The Cape Peninsula is a peninsula that juts out into the Atlantic Ocean at the south-western extremity of the African continent. At its tip is the Cape of Good Hope. The peninsula forms the west side of False Bay. The two main rock formations are the late-Precambrian Malmesbury group (metamorphic rock) and the Peninsula granite, a huge batholith that was intruded into the Malmesbury Group about 630 million years ago.

The late-Precambrian age Malmesbury group is the oldest rock formation in the area, consisting of alternating layers of dark grey fine-grained greywacke, sandstone and slate, seen along the rocky Sea Point and Bloubergstrand shorelines, and from the Strand to Gordon's Bay. These sediments were originally deposited on an ancient continental slope by submarine slumping and turbidity currents. The sequence was subsequently metamorphosed by heat and pressure and folded tightly in a NW direction during the Saldanian orogeny so that the rock layers are now almost vertical.
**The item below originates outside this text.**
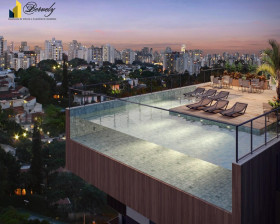 Apartamento com 3 Quartos à Venda, 66 m² em Vila Clementino - São Paulo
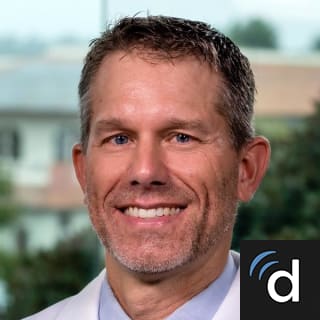 Andrew White, MD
These rocks were, in most places, scoured by wave action during past periods of higher sea level.

Most of the exposed shoreline Malmesbury rocks are steeply dipped, and weathered to form sharp edged ridges where more resistant layers stand out among the softer strata. The rocks are generally dark in colour where fresh rock has been exposed by erosion, and may be finely laminated.
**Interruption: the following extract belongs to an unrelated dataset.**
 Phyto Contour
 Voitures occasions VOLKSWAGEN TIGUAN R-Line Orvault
The Peninsula Granite is a huge batholith that was intruded into the Malmesbury Group about 630 million years ago as molten rock and crystallised deep in the earth, but has since then been exposed by prolonged erosion. The characteristic spheroidal shapes of granite boulders are a result of preferential weathering along intersecting fractures and are well displayed around Llandudno and Simonstown. Close up, the granite is a coarse-grained rock consisting of large (2–5 cm) white or pink feldspar crystals, glassy brown quartz and flakes of black mica, and containing inclusions of dark Malmesbury hornfels.